We all know how frustrating it can be to find a specific image. Size, color, angle, lighting — all of these details are dependent upon the limitations of language, the keywords a photographer might apply to an image, and the ingenuity you have in dreaming up the keywords that someone else might have used to describe the image you’re looking for. (For a great object lesson in how differently people will see the details of an image, I invite you to go play in the sandbox over at Google’s image labeler.) Stock photography sites have some search features that help to narrow down images by color and a few other details, but users are still forced to hunt through hundreds of images before finding what they’re looking for. Last year, when I was selecting images for Connect (a therapy tool for the memory impaired), I spent several hundred hours looking for the specific images I wanted and then the graphics artist expended another dozen hours getting them closer to the specifications.

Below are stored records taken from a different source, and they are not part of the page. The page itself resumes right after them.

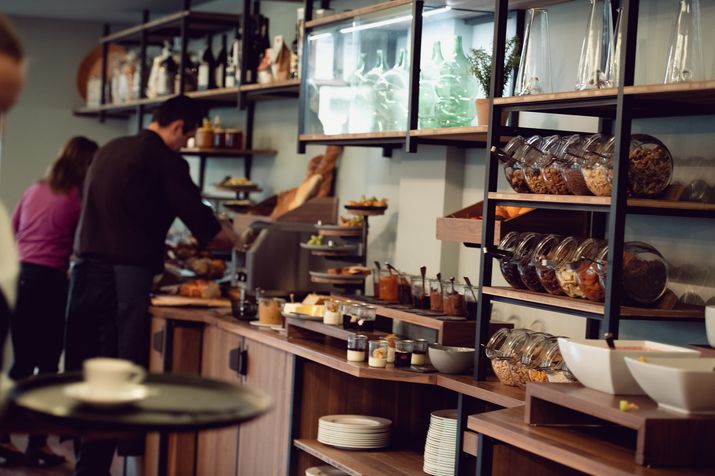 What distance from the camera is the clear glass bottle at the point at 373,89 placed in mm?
4234

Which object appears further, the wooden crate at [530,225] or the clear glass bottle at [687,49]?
the wooden crate at [530,225]

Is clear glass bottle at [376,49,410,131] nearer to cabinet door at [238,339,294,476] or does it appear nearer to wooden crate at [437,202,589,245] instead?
wooden crate at [437,202,589,245]

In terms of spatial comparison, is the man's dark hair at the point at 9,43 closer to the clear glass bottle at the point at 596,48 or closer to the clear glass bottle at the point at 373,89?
the clear glass bottle at the point at 596,48

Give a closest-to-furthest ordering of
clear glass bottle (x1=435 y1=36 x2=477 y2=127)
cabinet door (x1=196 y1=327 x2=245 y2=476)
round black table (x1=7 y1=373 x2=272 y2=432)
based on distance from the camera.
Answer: round black table (x1=7 y1=373 x2=272 y2=432) < clear glass bottle (x1=435 y1=36 x2=477 y2=127) < cabinet door (x1=196 y1=327 x2=245 y2=476)

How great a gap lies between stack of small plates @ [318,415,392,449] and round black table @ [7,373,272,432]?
6.74 ft

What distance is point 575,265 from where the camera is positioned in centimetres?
303

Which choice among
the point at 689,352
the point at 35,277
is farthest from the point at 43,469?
the point at 689,352

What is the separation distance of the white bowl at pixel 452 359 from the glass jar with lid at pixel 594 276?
606mm

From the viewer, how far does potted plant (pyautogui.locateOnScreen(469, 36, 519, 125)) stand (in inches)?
141

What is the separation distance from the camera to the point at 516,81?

How I wish I had Xcavator, a new application that allows users to look for images with visual tools that are much more intuitive and far less dependent upon keywords. I first encountered this tool back in 2006, when it could barely be called a beta site. Its creators at Cognisign were inviting users to play with this new tool using a image sets of butterflies and the Golden Gate bridge. I fooled around with it for a bit, threw in my two cents worth of feedback, subscribed to the blog feed to await further developments, and then promptly forgot about it except for the occasional posting that showed up. All was quiet for about a year, until this morning when I noticed a few new entries and wandered over to see what was up. Whoo! The site is out of beta and boy, do I love it!
View the demo here. Xcavator is not a stock photography site, it is an application that simultaneaously searches the content of several existing stock sites (e.g., Istockphoto, Photo Vault) and at lightening speed: results are returned in less than 3 seconds and you can page along through the results as quickly as turning a page. Hover your mouse of an image and you get a larger thumnail. Double-click on the selected image and it takes you directly to the stock site for the original view and purchasing information.
I ran a few test searches for image categories that had given me such fits when I was putting together Connect. The results made my eyes water. Hours could have been minutes. My graphics artist might have some hair left.
Although this application is only available for stock sites now, I’m hopeful and optimistic that we’ll be seeing an expansion into “amatuer” sites such as Flickr soon. It can’t come a moment too soon.